[Stored data]
◇ ◇ ◇ ◇ ◇

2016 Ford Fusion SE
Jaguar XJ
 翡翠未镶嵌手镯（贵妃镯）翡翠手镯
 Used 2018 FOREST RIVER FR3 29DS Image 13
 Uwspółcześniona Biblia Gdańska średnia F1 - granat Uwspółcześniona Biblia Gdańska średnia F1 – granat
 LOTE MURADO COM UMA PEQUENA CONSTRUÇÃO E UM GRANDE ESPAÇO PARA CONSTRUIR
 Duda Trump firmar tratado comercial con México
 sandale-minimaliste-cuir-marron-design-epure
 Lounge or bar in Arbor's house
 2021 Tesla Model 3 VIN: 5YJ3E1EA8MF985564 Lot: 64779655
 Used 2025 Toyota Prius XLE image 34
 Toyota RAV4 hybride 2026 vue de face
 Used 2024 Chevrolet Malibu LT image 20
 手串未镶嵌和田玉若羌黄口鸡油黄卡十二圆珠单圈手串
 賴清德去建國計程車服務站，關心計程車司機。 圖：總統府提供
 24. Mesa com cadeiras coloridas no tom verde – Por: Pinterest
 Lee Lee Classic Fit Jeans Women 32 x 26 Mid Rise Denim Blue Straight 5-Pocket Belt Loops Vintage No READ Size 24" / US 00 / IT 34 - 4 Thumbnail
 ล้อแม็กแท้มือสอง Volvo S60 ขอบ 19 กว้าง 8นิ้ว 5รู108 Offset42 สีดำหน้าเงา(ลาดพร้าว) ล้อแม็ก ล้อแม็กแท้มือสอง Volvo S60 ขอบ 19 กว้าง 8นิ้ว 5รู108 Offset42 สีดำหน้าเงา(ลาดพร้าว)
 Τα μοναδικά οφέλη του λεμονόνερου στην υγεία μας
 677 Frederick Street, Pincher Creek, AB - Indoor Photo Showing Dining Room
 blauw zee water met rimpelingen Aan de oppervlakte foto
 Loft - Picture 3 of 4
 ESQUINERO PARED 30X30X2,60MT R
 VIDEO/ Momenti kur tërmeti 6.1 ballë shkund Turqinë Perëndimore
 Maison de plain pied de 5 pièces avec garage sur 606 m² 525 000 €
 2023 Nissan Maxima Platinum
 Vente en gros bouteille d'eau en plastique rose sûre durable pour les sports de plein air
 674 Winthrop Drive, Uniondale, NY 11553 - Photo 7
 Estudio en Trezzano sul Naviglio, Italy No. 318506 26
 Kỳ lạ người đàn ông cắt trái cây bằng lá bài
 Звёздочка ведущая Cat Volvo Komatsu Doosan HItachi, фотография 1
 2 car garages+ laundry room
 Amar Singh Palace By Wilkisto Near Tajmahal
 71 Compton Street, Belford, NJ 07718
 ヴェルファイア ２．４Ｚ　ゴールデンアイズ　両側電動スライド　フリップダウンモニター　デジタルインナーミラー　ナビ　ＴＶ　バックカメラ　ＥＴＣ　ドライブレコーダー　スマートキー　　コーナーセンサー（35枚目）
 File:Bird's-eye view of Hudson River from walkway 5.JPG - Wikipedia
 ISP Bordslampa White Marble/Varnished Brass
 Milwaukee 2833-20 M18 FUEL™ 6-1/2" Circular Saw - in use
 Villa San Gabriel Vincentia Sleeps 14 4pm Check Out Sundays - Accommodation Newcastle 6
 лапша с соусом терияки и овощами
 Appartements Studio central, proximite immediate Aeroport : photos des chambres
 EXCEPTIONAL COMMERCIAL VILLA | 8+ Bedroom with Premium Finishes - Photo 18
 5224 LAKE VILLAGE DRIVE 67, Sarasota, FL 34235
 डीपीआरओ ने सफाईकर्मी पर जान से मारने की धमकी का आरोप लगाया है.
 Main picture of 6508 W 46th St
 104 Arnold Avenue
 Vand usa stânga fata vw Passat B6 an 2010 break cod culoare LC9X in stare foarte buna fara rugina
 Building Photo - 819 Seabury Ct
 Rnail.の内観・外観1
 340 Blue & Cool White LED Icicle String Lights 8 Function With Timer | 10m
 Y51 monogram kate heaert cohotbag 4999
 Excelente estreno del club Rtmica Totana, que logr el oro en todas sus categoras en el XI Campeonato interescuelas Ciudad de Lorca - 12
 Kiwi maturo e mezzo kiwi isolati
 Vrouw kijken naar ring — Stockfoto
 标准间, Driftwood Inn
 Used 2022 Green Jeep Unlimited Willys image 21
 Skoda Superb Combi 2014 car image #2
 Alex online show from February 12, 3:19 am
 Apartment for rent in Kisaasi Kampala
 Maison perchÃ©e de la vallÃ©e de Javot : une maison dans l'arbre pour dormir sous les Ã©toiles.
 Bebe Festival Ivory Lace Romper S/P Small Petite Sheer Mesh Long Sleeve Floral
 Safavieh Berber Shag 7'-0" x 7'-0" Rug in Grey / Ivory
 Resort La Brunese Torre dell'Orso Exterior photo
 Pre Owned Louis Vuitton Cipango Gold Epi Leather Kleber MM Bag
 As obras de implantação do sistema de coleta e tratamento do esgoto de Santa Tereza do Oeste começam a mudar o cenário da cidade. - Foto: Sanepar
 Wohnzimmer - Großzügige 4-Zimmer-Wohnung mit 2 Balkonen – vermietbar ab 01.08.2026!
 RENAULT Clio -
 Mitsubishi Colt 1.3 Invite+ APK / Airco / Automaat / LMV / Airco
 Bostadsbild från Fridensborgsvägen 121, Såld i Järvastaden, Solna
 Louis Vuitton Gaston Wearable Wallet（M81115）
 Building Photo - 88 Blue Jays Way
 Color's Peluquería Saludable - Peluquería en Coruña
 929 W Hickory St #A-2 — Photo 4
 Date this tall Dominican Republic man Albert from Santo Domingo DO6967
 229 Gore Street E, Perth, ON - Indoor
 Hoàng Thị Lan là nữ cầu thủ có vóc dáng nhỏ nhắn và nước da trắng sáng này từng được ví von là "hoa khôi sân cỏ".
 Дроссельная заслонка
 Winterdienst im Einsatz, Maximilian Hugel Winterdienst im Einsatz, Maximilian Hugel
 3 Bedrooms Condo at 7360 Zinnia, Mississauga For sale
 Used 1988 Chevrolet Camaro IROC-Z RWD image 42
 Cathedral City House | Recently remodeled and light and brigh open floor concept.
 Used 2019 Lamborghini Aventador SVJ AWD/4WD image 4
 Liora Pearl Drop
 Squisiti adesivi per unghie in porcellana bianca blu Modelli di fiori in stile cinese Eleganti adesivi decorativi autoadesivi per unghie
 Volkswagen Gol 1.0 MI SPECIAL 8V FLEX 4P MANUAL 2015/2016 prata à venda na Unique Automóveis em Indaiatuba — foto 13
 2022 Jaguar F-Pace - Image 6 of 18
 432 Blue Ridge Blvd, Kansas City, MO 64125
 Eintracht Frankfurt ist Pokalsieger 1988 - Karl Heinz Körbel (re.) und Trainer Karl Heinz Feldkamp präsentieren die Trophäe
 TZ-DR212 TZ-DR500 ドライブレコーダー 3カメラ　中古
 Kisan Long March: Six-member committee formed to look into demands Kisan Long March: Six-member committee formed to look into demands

◇ ◇ ◇ ◇ ◇

→ PROBLEM DETAILS: Copy out the lines of the data where the word "Indoor" can be found.

→ ANSWER SECTION:
 677 Frederick Street, Pincher Creek, AB - Indoor Photo Showing Dining Room
 229 Gore Street E, Perth, ON - Indoor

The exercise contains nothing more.